The Ingenuity helicopter braves the cold of Mars | Digital Trends Spanish


Good news for the tough little Mars helicopter, naivety, which has braved the Martian winter so far and will soon return to the air. The helicopter has been taking a break from flying since July as it deals with cold seasonal temperatures and increased dust in the atmosphere, which limited its ability to recharge its battery. Temperatures remain low in the crater jezerodipping to -124 degrees Fahrenheit (-86 degrees Celsius) overnight, but the Ingenuity team is now planning a short jump for the upcoming Flight 30.

Ingenuity hasn’t flown since Flight 29 on June 11, so the team has run some checks to make sure everything is still working as required. These included a low rpm spin of the helicopter rotors on August 6 and a high rpm spin on August 15. The helicopter remained on the surface, but it spun its rotors at speeds similar to those used in actual flight, and the test data looked good.

So he’s on the next flight, as described by Ingenuity team leader Teddy Tzanetos in a blog post: “This 30th sortie will be a short hop, checking the health of our system after surviving 101 winter sols, collecting landing delivery data in support of NASA’s Mars Sample Return Campaign, and potentially removing the dust that has settled on our solar panel since flight 29.”

On flight 30, Ingenuity will be in the air for about 30 seconds, rising to an altitude of 16.5 feet and making a lateral trip of just 7 feet before landing. This is because the purpose of the flight is more to check if the helicopter can still land accurately than to go anywhere. Once this is confirmed, the helicopter can return to longer flights, such as heading along the Jezero Delta, where the Perseverance rover is currently exploring.

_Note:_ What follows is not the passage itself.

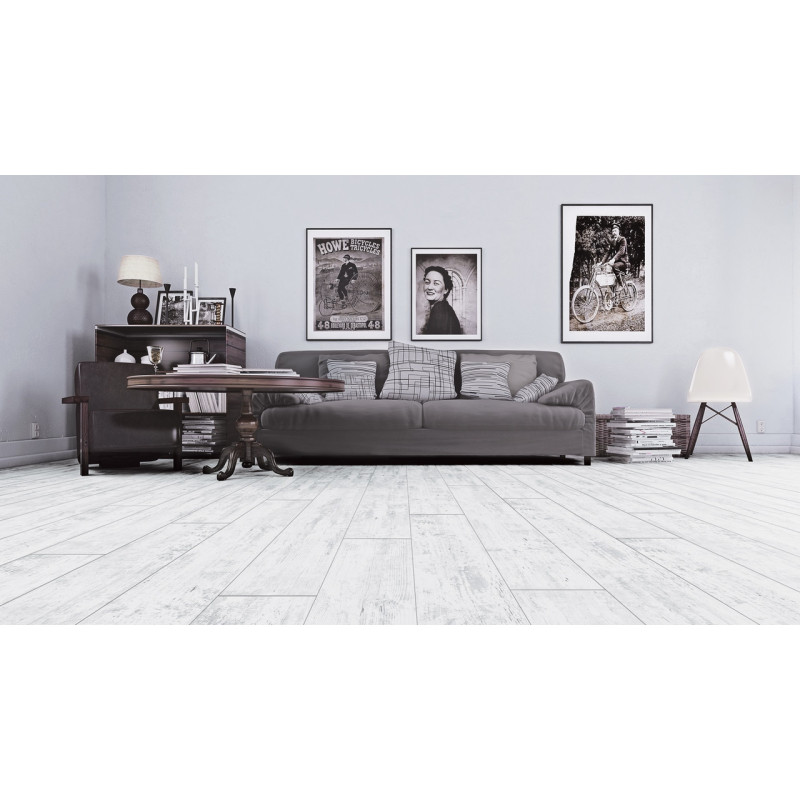 Ламінат Floorpan Naturel ANTIQ WHITE FN014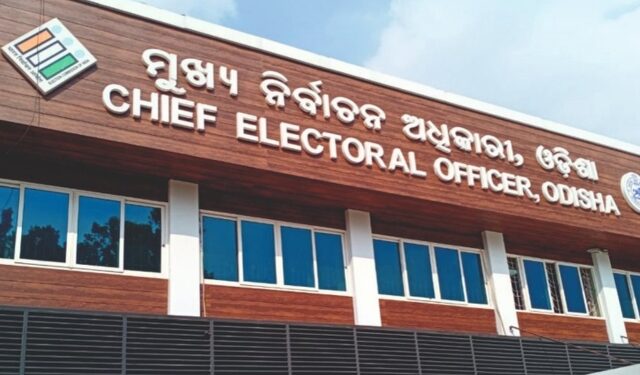 10 IAS officers to supervise voter list revision in Odisha, list to be released on July 5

“We intend to continue our flight path to the river delta in the coming weeks as the environment (and thus the daily recoverable battery charge) continues to improve,” writes Tzanetos. “With higher battery states of charge will come longer flights, and eventually Ingenuity will be able to power its internal heaters at night, which will keep its electronics from freezing in the Martian cold each night.”